Charging $100 per year ... stop acting like this software is free

Hi @krutsch,

I can understand some of your frustration, and I like to think we’re as open as we can be about what’s coming. Our goal as a company is to be as transparent and responsive to feedback as possible, and I’m proud of our record in this area. You can sort our Feature Requests by view count and see how often feedback from this community has spurred us to undertake major projects.

Right now, we are hard at work on our 1.3 release, and there are at least 8 major projects and a few dozen minor items that we’re hoping to include. At the moment, maybe a third of those projects have completed backend and provisional UI, with roughly another third nearly complete, and the remaining third just starting. How many of these projects will actually make it into 1.3? I don’t know yet. When will the release go live? That depends on how fast the viability of each project becomes clear.

The point is release planning is always fluid. As transparent as we strive to be, attempting to tell everyone exactly what’s coming is a recipe for disappointment, or delayed releases, and it encourages the conversations and buzz around our major releases to turn into a list of promises kept and broken, which is not good for business. When people have questions we answer to the best of our ability, but we make a point not to commit to shipping anything before the work is basically a “sure thing”.

Roon is not open source. If we’re going to continue improving the product, we need to keep growing the business, and feedback here on community is one of the major factors that drives decisions about what we ship, along with considerations like strategic partnerships and cancellation reasons, and of course our long-term visions for the product.

If we repeatedly hear a specific complaint when trials are cancelled, we absolutely notice and take that feedback into consideration, the same way we do for feedback on community. Conversely, if we rarely get feedback about an aspect of the product, that’s a consideration too, especially for changes that involve significant effort.

I want to briefly address the requests for queue changes we’ve heard from @krutsch and others. The reason you haven’t heard a lot of feedback on these requests isn’t because we refuse to listen or because we’re ignoring the request, but because we ARE listening, we DO desire to do something about it, but we haven’t made a decision as to what and when, so there’s nothing for us to say about it.

We understand this is something that some people care passionately about. Changing how the queue works is a big deal. Whether you agree with the design or think it needs improvement, it is one of the most intensively designed and contentious parts of the system, and broaching the subject means dozens of man-hours spent battling out the design details before a line of code gets written, then a relatively limited amount of development work, followed by a drawn-out QA/alpha testing process–since getting things wrong in the playback system is serious business.

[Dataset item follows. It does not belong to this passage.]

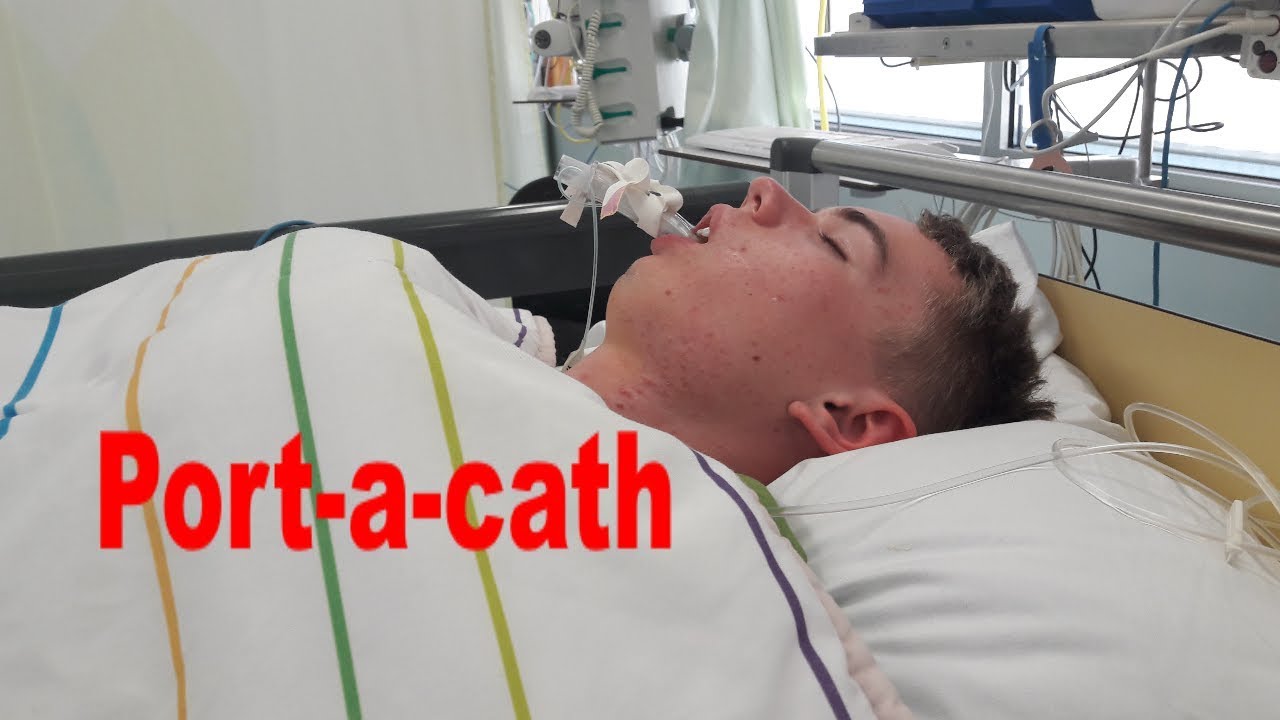 Operatie port-a-cath.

We believe that working on the queue returns less value–both to our users and to our business–per hour invested than many other things we could be working on. We’ve grown the team more than 30% in the last several months, but man hours are still an incredibly precious commodity for a company as small as ours.

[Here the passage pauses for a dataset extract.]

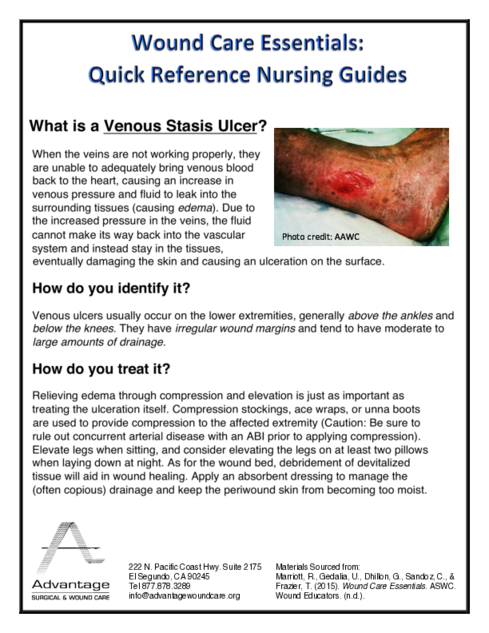 What is a Venous Stasis Ulcer?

Back to the generalized issue:

When we say we’re working on a change, it means “yes, we intend to deliver this as soon as possible”. When we say “It’s coming in the next release”, we mean that code is done and being tested, and we’re 99% sure it’s “in the bag”. When we say no, it means “probably never”. And when we say nothing, it generally means that it’s something we’re hoping to prioritize in the future, but that we’re not ready to make (and defend) a commitment to scope or timescale yet.

Point being, I don’t know specifically what’s frustrating you, but I want to know. If this is about the queue, I would again point out that, to my knowledge, we haven’t publicly said yes or no to any changes. If this is about something else, obviously some more information would help. If you have a specific proposal for how you think we might change our approach to feedback, we’d be glad to hear it.

@krutsch you’ve personally given us a lot of great feedback over the last 18 months that has demonstrably improved Roon in a number of ways. I sincerely hope you’ll keep it coming.